Your Bill Is the Starting Point
Pull out your last 12 months of electric bills. If you don’t have paper copies, your utility almost certainly has detailed usage data online. PGE customers can log in and see monthly and even hourly usage going back over a year.
What you’re looking for:
Monthly kWh consumption. This is the big number — how many kilowatt-hours you used that month. Write down all 12 months. You’ll see a pattern: higher in summer (AC) and winter (heating, lights, shorter days), lower in spring and fall. A Portland home might range from 500 kWh in April to 900+ kWh in August or January.
Your rate structure. Are you on a flat rate, time-of-use (TOU), or tiered pricing? This matters because it affects the financial value of your solar generation. On a TOU plan, a kWh you avoid buying during peak hours is worth more than one you avoid at 2 AM. If you’re not on TOU yet, it’s worth looking into once you have a battery. See the rate calculator to break down your bill structure.
Your average daily usage. Take your monthly kWh and divide by 30. This gives you a rough daily number to work with. If you used 750 kWh last July, that’s about 25 kWh per day. That’s your target — or more accurately, that’s what you’re trying to chip away at.
Measure Your Actual Loads
Your bill tells you the total. Now you need to know where it’s going.
Kill-A-Watt meter (~$35). This is a little plug-in device that sits between an appliance and the wall outlet. It measures watts in real time and tracks cumulative kWh over time. Plug your fridge into it for 24 hours and you’ll know exactly what it draws — not what the nameplate says, not what some website estimates, but what YOUR fridge actually uses in YOUR house.
Emporia Vue energy monitor (~$150). This clips onto your breaker panel and shows you real-time usage per circuit. It’s a bigger investment, but it gives you the whole picture at once — every circuit, 24/7, with historical data. If you’re serious about understanding your home’s energy use, this is the tool that does it.

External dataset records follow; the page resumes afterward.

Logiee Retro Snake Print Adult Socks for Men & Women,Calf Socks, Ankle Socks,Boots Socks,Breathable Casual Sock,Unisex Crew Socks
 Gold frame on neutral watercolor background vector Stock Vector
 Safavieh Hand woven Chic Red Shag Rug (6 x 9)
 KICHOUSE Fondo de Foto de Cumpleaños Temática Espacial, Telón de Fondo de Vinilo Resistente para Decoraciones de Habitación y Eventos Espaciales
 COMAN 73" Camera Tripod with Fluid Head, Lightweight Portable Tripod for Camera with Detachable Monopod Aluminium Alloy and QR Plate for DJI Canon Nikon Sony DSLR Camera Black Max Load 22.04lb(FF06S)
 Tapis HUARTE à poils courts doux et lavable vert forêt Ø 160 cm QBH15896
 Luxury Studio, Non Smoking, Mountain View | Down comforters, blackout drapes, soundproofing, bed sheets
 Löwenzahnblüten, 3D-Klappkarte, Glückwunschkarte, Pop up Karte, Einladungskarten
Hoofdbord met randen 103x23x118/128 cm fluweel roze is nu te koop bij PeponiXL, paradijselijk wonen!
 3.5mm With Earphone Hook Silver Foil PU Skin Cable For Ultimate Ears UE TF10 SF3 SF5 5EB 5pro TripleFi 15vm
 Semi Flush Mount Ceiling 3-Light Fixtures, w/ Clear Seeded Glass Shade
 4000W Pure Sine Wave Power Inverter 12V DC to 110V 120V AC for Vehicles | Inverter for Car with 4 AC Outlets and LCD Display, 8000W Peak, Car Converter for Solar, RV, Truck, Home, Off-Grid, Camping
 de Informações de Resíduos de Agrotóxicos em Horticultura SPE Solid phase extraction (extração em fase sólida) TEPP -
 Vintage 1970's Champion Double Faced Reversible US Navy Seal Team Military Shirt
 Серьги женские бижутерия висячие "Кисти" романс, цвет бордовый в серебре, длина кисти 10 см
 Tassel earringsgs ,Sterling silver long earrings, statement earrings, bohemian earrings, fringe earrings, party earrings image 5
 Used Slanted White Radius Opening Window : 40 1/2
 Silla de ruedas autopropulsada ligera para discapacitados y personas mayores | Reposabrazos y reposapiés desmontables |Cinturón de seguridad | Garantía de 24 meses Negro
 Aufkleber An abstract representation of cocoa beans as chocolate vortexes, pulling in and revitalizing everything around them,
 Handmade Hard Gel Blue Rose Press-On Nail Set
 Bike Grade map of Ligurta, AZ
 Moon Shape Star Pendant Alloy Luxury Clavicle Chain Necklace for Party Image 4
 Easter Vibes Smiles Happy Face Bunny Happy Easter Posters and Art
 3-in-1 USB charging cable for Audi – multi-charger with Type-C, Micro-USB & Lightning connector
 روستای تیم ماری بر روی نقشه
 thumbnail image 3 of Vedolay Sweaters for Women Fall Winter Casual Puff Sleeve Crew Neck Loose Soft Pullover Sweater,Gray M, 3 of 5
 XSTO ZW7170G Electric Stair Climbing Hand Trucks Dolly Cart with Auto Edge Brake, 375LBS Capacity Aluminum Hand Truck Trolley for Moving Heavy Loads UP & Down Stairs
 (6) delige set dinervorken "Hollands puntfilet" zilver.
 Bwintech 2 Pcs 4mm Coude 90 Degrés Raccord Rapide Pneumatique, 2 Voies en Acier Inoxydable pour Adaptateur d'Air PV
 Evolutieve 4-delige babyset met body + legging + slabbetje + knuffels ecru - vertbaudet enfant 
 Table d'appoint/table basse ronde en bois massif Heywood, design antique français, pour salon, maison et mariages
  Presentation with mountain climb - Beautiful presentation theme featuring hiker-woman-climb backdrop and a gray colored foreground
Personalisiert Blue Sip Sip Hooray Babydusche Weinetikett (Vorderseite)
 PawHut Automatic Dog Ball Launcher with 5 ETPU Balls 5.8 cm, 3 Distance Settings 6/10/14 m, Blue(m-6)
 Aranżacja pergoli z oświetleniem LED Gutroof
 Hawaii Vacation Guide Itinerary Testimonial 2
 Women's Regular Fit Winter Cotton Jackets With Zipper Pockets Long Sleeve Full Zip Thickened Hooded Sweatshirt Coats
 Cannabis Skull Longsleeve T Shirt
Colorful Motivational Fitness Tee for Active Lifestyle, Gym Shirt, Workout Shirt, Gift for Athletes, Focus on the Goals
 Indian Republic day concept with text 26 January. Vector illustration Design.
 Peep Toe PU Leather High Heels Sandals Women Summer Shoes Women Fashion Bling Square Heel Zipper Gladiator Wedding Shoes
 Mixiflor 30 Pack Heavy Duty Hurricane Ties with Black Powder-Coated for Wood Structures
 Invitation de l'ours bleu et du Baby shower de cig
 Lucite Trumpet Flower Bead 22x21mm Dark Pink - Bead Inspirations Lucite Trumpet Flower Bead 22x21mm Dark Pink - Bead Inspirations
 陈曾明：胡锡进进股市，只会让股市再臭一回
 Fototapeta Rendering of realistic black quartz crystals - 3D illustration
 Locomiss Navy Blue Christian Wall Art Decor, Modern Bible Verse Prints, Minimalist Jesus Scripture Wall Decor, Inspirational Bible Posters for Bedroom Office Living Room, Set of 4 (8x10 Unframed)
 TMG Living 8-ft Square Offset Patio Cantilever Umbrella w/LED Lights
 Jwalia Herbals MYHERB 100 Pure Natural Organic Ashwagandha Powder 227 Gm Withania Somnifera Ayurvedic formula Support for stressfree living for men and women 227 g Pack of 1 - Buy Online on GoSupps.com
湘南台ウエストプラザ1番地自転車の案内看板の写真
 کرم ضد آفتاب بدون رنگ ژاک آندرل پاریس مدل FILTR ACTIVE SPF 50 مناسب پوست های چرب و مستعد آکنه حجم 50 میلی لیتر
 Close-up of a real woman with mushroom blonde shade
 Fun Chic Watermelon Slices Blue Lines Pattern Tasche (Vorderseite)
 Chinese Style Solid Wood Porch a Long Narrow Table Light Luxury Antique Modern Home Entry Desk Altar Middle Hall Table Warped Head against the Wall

Nameplate vs. reality. Every appliance has a nameplate rating — the maximum watts it can draw. But most devices don’t run at their nameplate most of the time. A fridge rated at 800 watts might draw 65 watts most of the day. That 800-watt number is the compressor startup spike plus the defrost heater running. It’s the max potential, not the typical draw.
Devices aren’t constant. Your fridge hums along at 65 watts, then the compressor kicks on and it spikes to 200 watts, then twice a day the defrost cycle fires a heating element and it jumps to 800 watts for 20 minutes. A furnace fan runs at 250 watts but surges to 500+ on startup. A window AC unit draws 400 watts steady but needs 1,200 watts for the first half-second when the compressor engages.
These spikes are brief, but they’re real, and your inverter has to handle them.
Build Your Load Profile
Now put it all together. Make a list — a spreadsheet, a notebook, whatever works for you — with every circuit or device you plan to power from your solar system.
For each one, write down:
Continuous watts — what it draws while running normally. This is what your Kill-A-Watt shows you most of the time.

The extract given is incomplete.